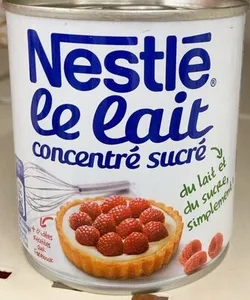 Lait concentre sucre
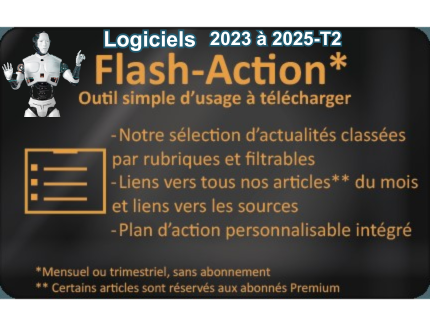 Flash-Action de DM Experts LOGICIELS 2023 à 2025-T2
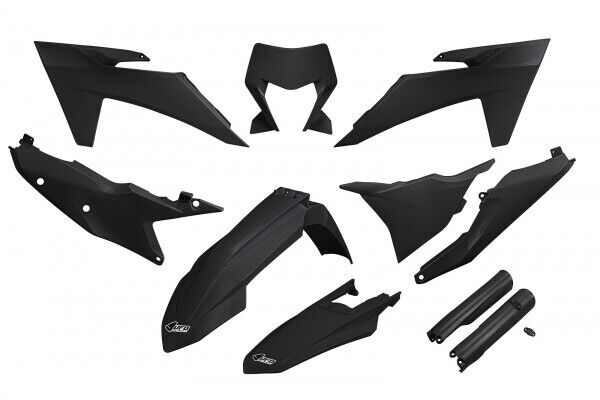 kit plastiche carene FULL Ktm Exc 150 250 300 350 450 500 2024 nero portafaro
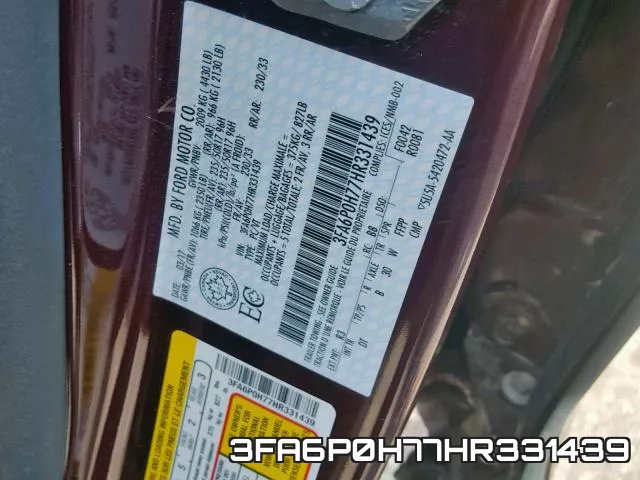 3FA6P0H77HR331439
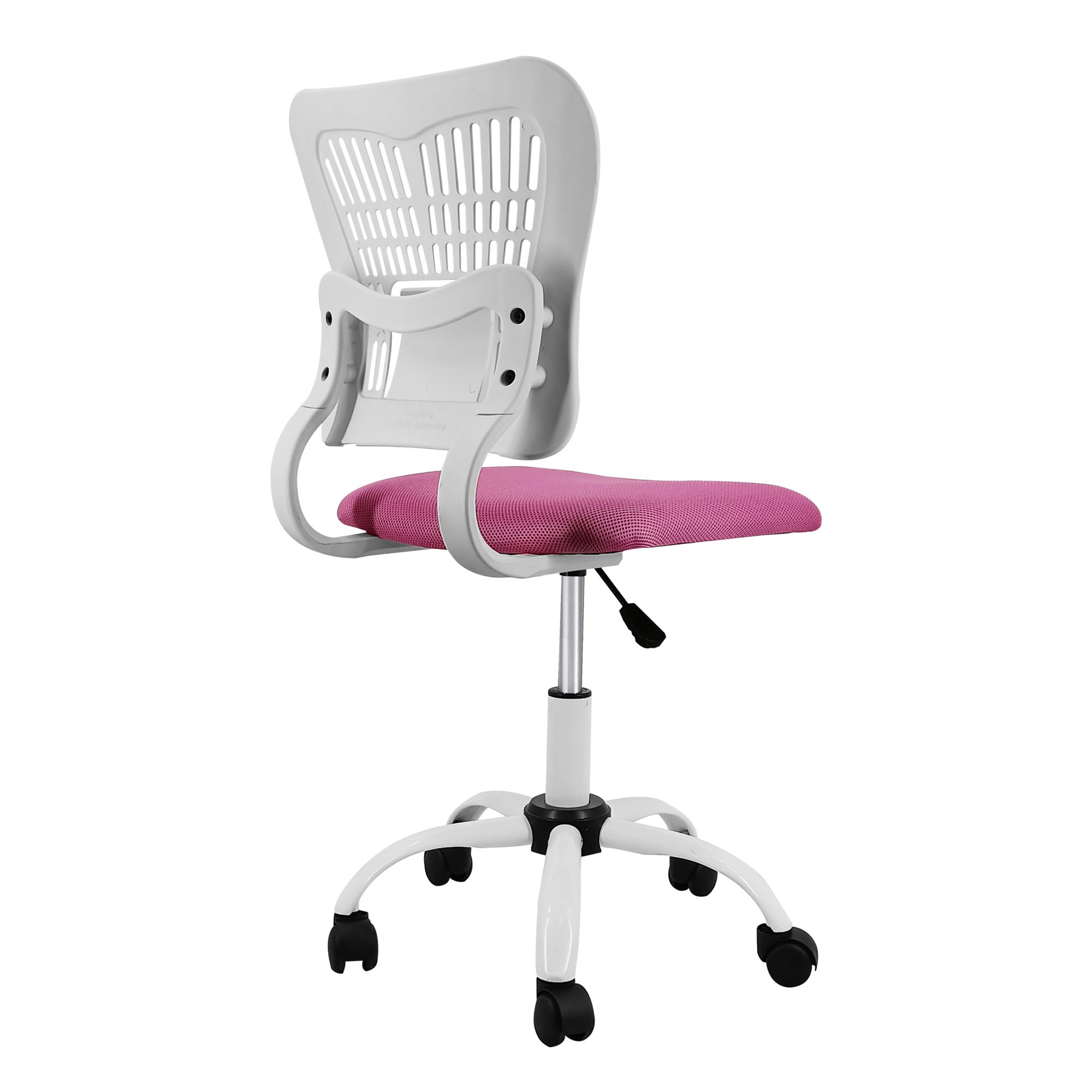 Home Office Chair Ergonomic Desk Chair Mesh Computer white+pink-fabric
◆ ◆ ◆ ◆
Repeat the listing above exactly, with no pictures.

 Lait concentre sucre
 Flash-Action de DM Experts LOGICIELS 2023 à 2025-T2
 kit plastiche carene FULL Ktm Exc 150 250 300 350 450 500 2024 nero portafaro
 3FA6P0H77HR331439
 Home Office Chair Ergonomic Desk Chair Mesh Computer white+pink-fabric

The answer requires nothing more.